The RSS is trying to impose a “flawed, dead” ideology on students, Congress vice-president Rahul Gandhi said on Thursday, after meeting President Pranab Mukherjee over growing protests in university campuses against the arrest of JNU student leader Kanhaiya Kumar.

india Updated: Feb 18, 2016 18:24 IST
HT Correspondent
HT Correspondent
Hindustan Times
Congress vice-president Rahul Gandhi along with senior party leaders talking to the media outside Rashtrapati Bhawan after a meeting with President Pranab Mukherjee.
Congress vice-president Rahul Gandhi along with senior party leaders talking to the media outside Rashtrapati Bhawan after a meeting with President Pranab Mukherjee.(HT Photo/Sonu Mehta)

Upping the ante on the JNU row and Patiala House court violence, Rahul Gandhi on Thursday dubbed them as a “blot” on India’s image and sought President Pranab Mukherjee’s intervention for immediate action to “check the state of lawlessness and subversion of democratic rights”.

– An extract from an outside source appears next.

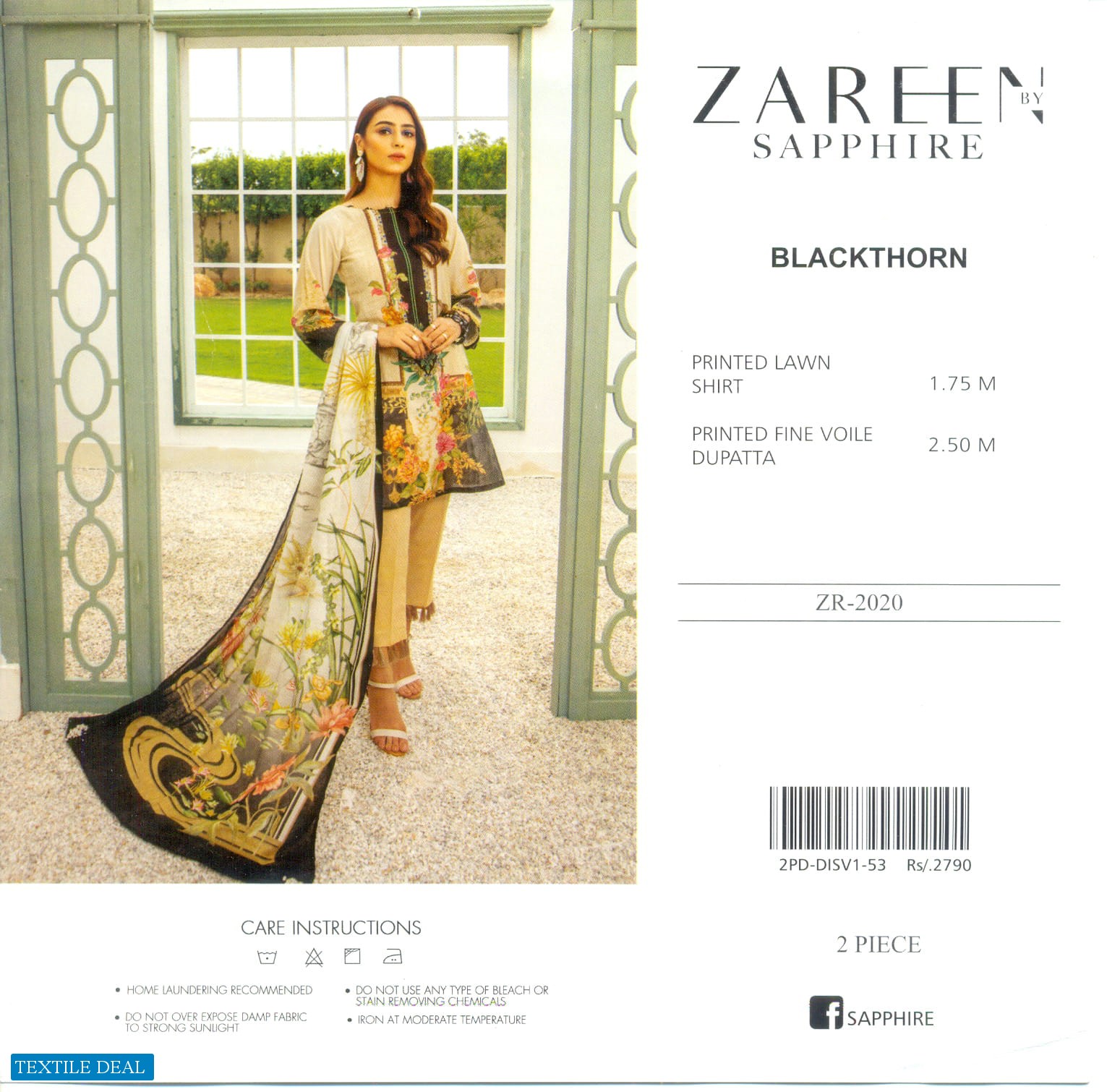 Zareen By Sapphire Wholesale Printed Lawn Shirt Pakistani Suits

“It is not the Government’s job to destroy our educational institutions and crush expression of all students. Across the country, RSS is trying to impose a flawed ideology on the students of this country,” the 45-year-old leader said outside Rashtrapati Bhavan.

The country has been rocked by protests after Jawaharlal Nehru University student union president Kumar was arrested on sedition charges for allegedly organising an event where “anti-national” slogans were shouted.

Watch | Rahul Gandhi says JNU crackdown is a blot on India’s image

A mob of lawyers kicked and punched Kumar, while attacking journalists outside the Patiala House Courts on Wednesday, prompting the Supreme Court to ask authorities to evacuate the court room and rush a top advocate panel to assess the security situation. This was the second such incident in two days.

Gandhi condemned this violence, saying the brawls had tarnished India’s image and invoked the example of Dalit scholar Rohith Vemula – who killed himself in Hyderabad after months of alleged caste discrimination.

“Nationalism is in my blood, I have seen my family sacrifice for this nation. If anyone said something against the nation he should be punished according to law. However it’s not the government’s job to destroy educational institutions and crush its students,” he said, with party leaders by his side.

He said any anti-national activity must be punished but criticised the government.

“The scenes of utter lawlessness playing out on the premises of the court are an affront to the democratic ideals of this country,” @OfficeofRG tweeted.

In the memorandum submitted to the President, Gandhi drew a link between the lawyer violence and the BJP, saying the brazen acts wasn’t possible without the “tacit support, encouragement or, at best, the indifference of the ruling establishment”.

“The government’s complete failure in managing tensions and restoring law and order, and its refusal to protect the democratic right of its citizens is a cause of deep concern for us,” the statement said.

The letter said that the attack on journalists appeared designed to intimidate the press. “This doesn’t bode well for our democracy. This is unacceptable.”

The memorandum also linked the JNU protests to the demonstrations at the University of Hyderabad and Pune’s Film and Television Institute of India, and said students holding views contrary to the government were being threatened and bullied.

“Over the last few months, the NDA government has displayed a dangerous tendency of undermining democratic freedoms and crushing the voices of those who do not share their views,” the statement read.